** EXERCISE DETAILS **
All records below are to be transcribed exactly, with every picture left out.
*** Opening PROVIDED RECORDS ***
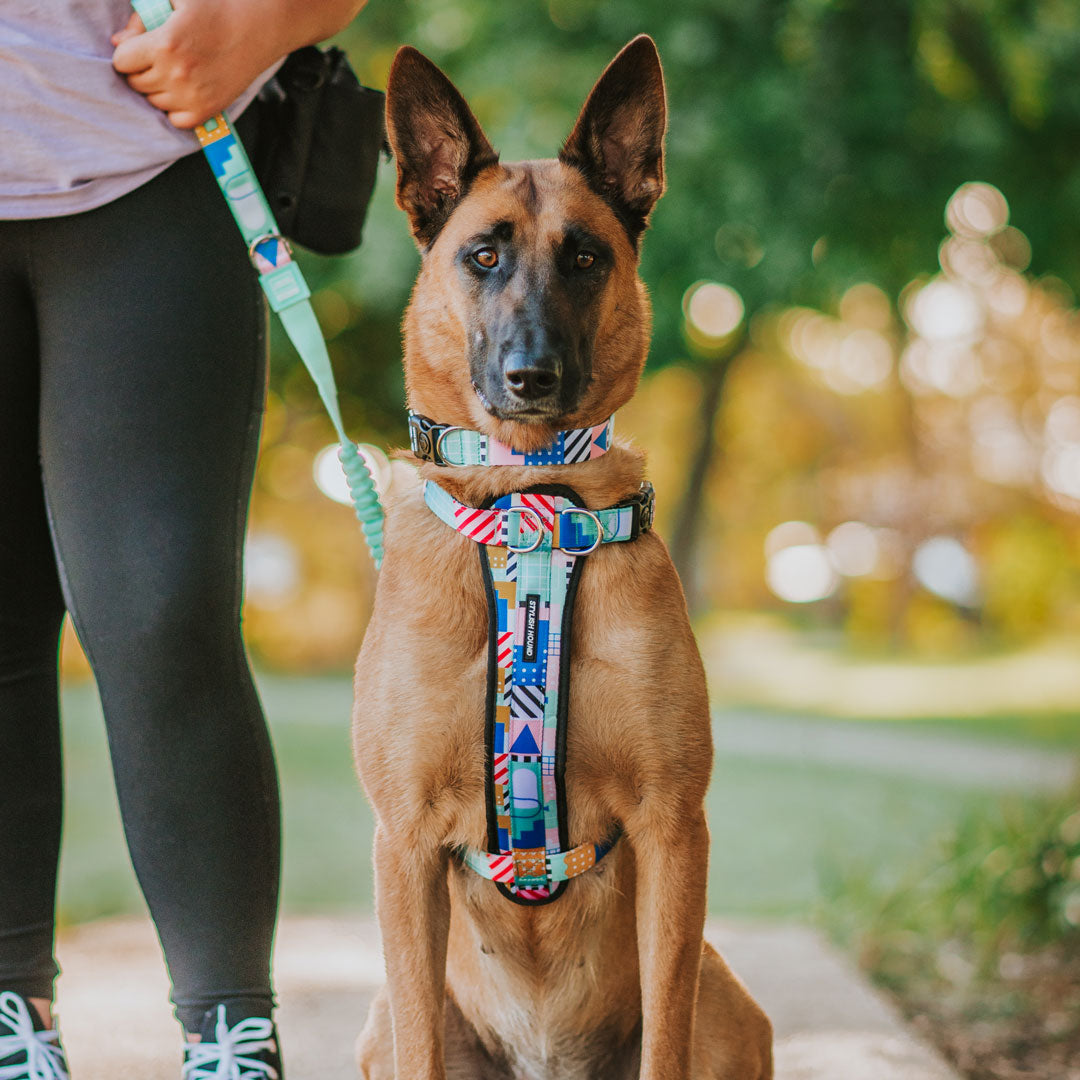 Milano Explorer Chest Plate - Milano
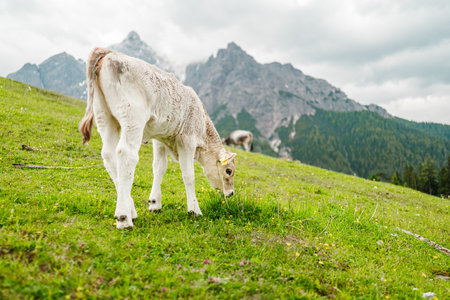 Cute Little Cow Calf Easing on the Pasture in the Mountainsの写真素材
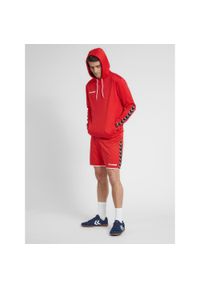 Bluza do piłki ręcznej męska Hummel hml AUTHENTIC Poly. Kolor: wielokolorowy, czerwony, różowy. Sport: fitness #1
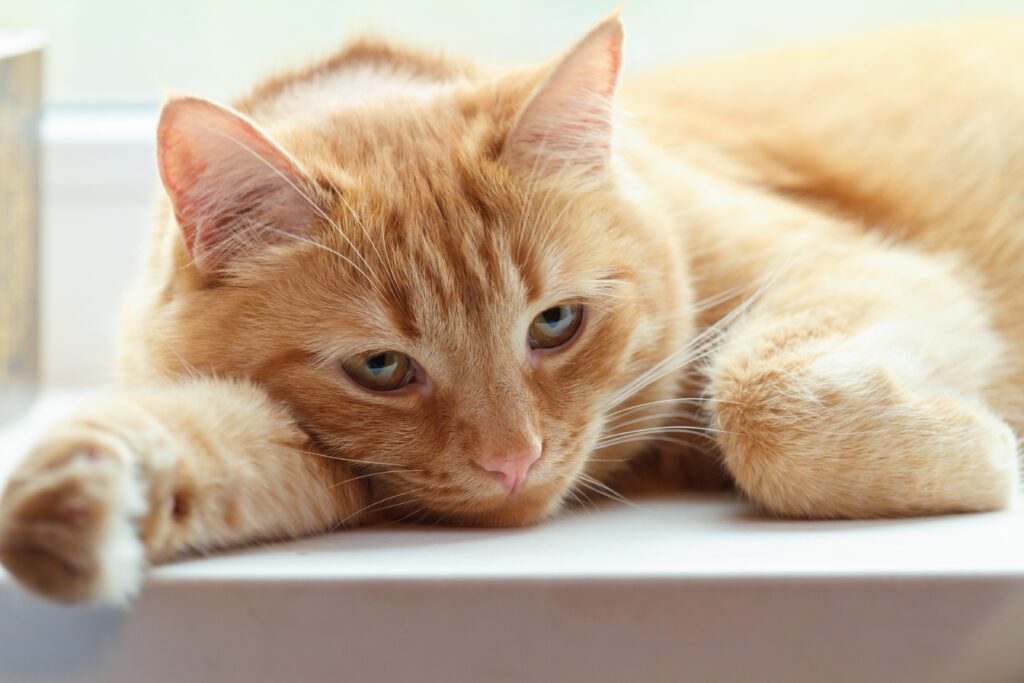 If you suspect your pet is depressed or their mood has changed, there are steps you can take to support them.
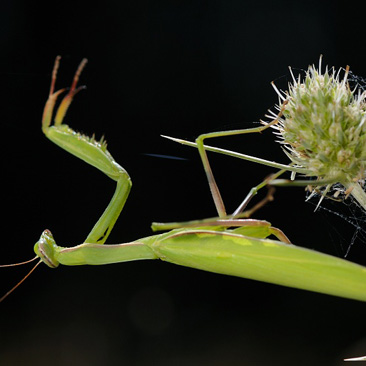 Mantis religiosa, kudlanka nábožná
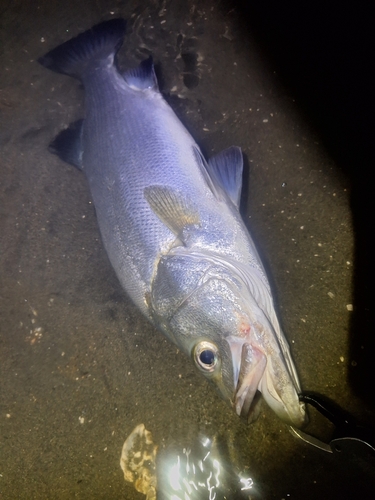 ヒラスズキの釣果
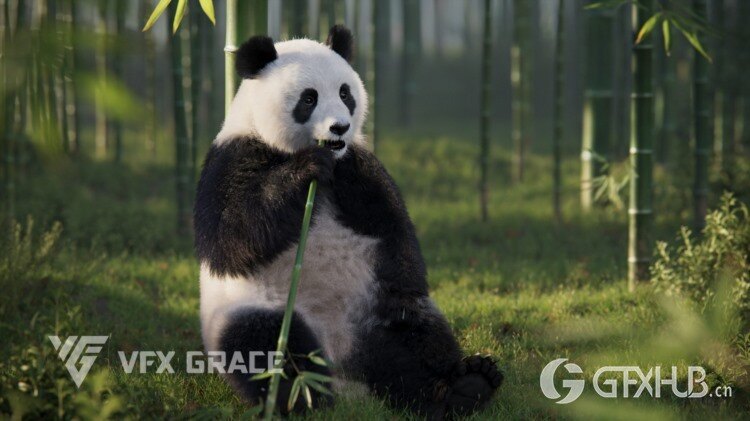 熊猫动画3D模型 VFX Grace – Panda Animation (Blender/OBJ格式)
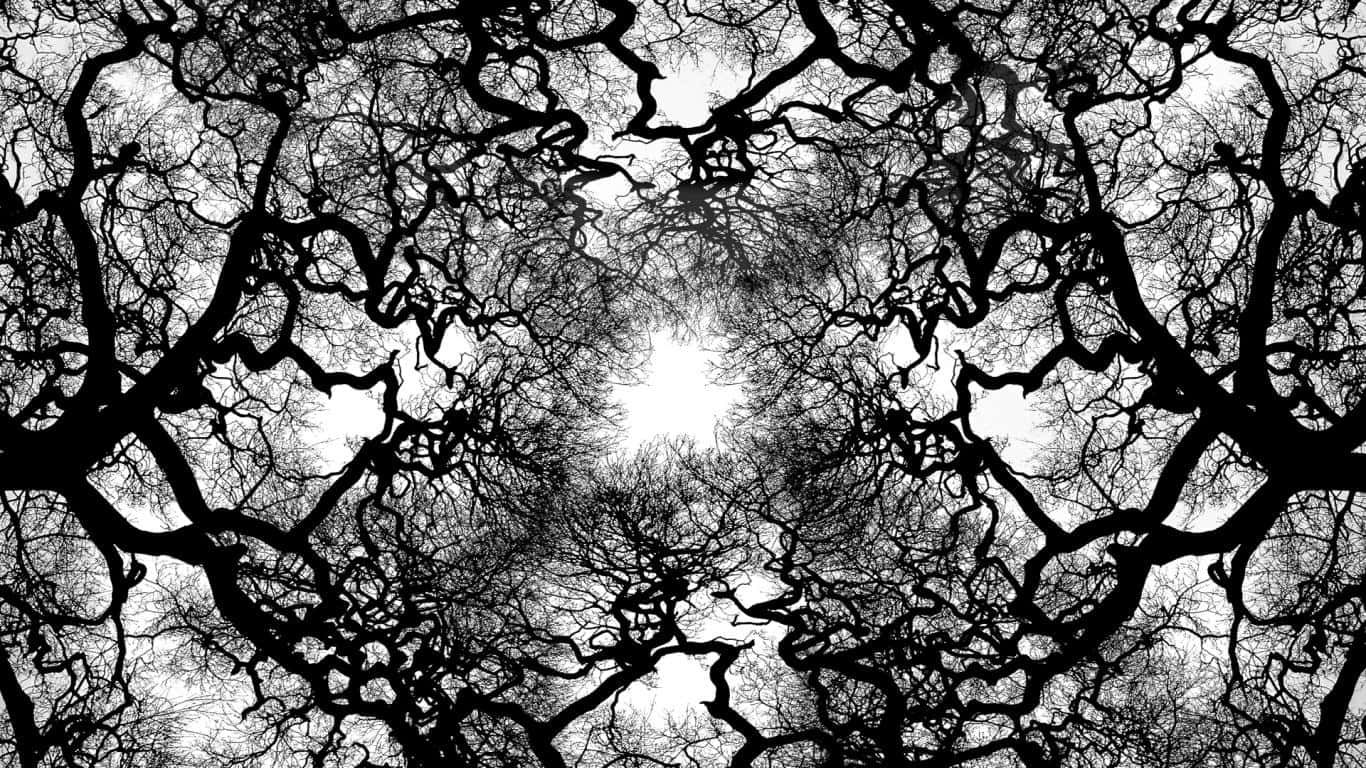 Majestic Monochrome Tree Wallpaper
*** Closing PROVIDED RECORDS ***
** WRITTEN SOLUTION **
 Milano Explorer Chest Plate - Milano
 Cute Little Cow Calf Easing on the Pasture in the Mountainsの写真素材
 Bluza do piłki ręcznej męska Hummel hml AUTHENTIC Poly. Kolor: wielokolorowy, czerwony, różowy. Sport: fitness #1
 If you suspect your pet is depressed or their mood has changed, there are steps you can take to support them.
 Mantis religiosa, kudlanka nábožná
 ヒラスズキの釣果
 熊猫动画3D模型 VFX Grace – Panda Animation (Blender/OBJ格式)
 Majestic Monochrome Tree Wallpaper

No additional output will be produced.